Problem description -
Copy every record exactly, and keep the pictures out.
** Material for this task follows **
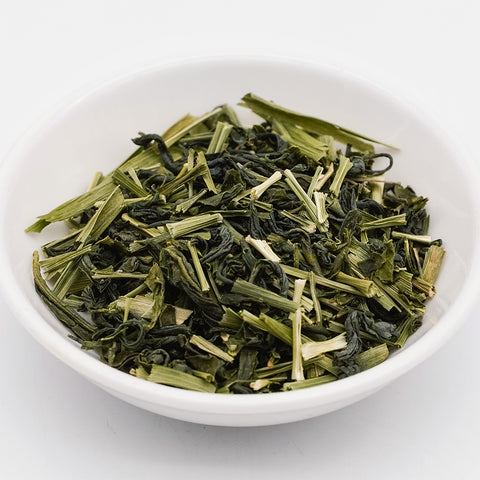 Kumamoto Lemongrass Kamairicha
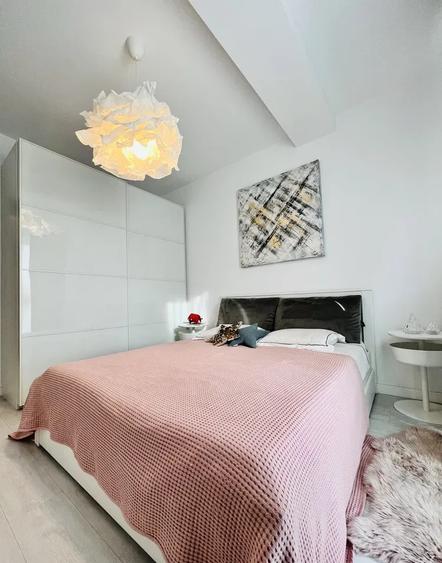Apartament 2 camere 21 Residence Parcare subterană Metrou Lujerului Militari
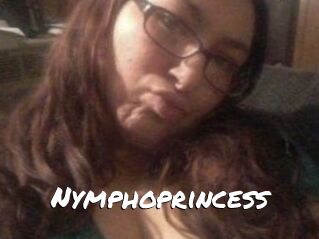 Nymphoprincess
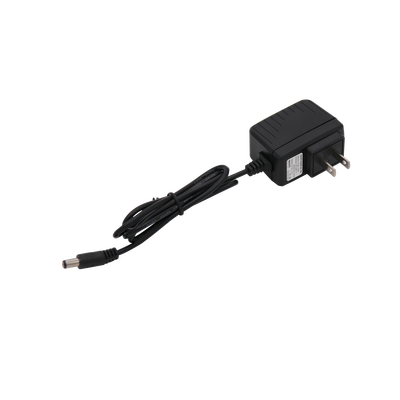 Fuente de poder de 12 Vcc @ 1 Amp Regulado / Uso en Interior / Múltiples Usos / Con cable de 95 cm — EPCOM POWERLINE · SKU PL-DC-1000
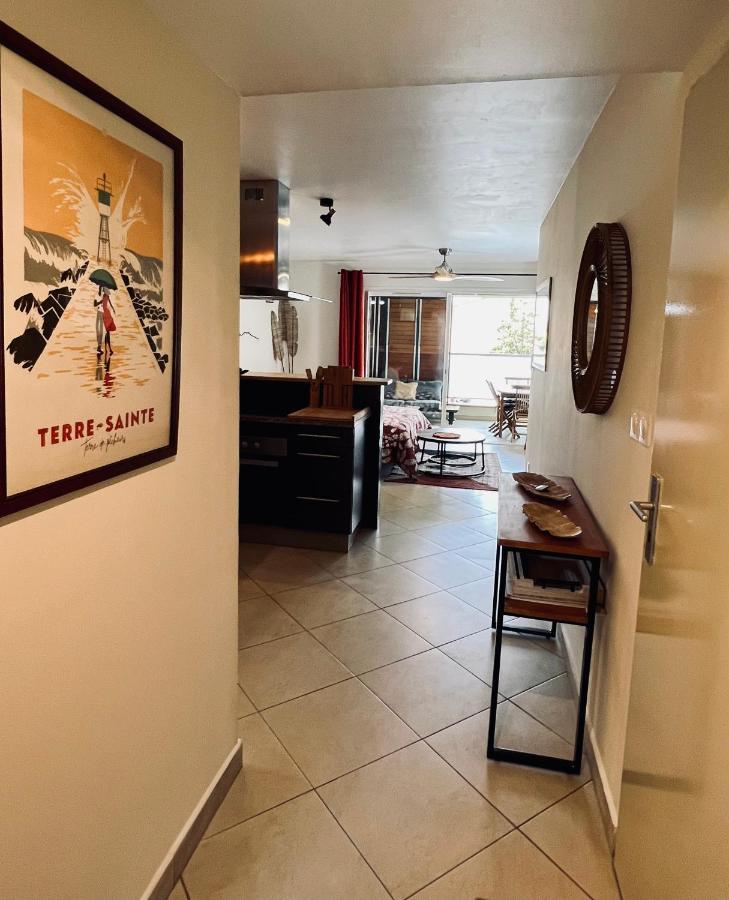 Apartmán Cosy Letchis Saint Pierre Exteriér fotografie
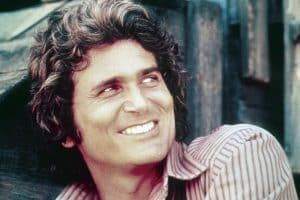 Michael Landon maintained a bedtime tradition with his kids where they got to each ask one question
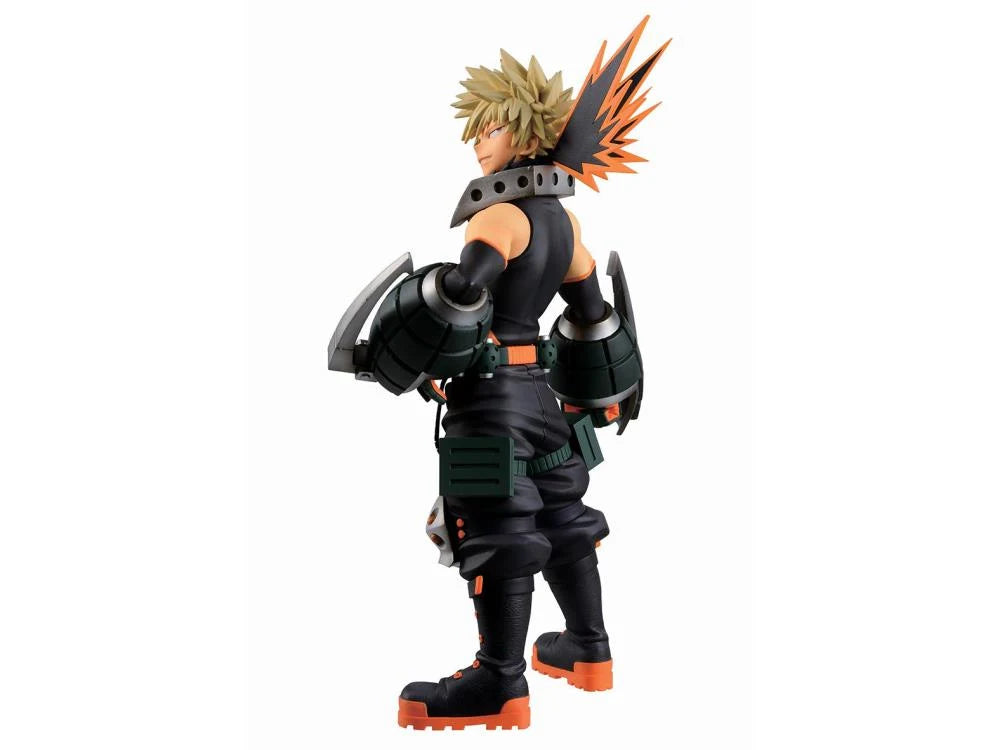 Figura My Hero Academia - Ichiban Kuji Katsuki Bakugo MASTERLISE - B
** End of Material for this task **
Reply to the task -
 Kumamoto Lemongrass Kamairicha
Apartament 2 camere 21 Residence Parcare subterană Metrou Lujerului Militari
 Nymphoprincess
 Fuente de poder de 12 Vcc @ 1 Amp Regulado / Uso en Interior / Múltiples Usos / Con cable de 95 cm — EPCOM POWERLINE · SKU PL-DC-1000
 Apartmán Cosy Letchis Saint Pierre Exteriér fotografie
 Michael Landon maintained a bedtime tradition with his kids where they got to each ask one question
 Figura My Hero Academia - Ichiban Kuji Katsuki Bakugo MASTERLISE - B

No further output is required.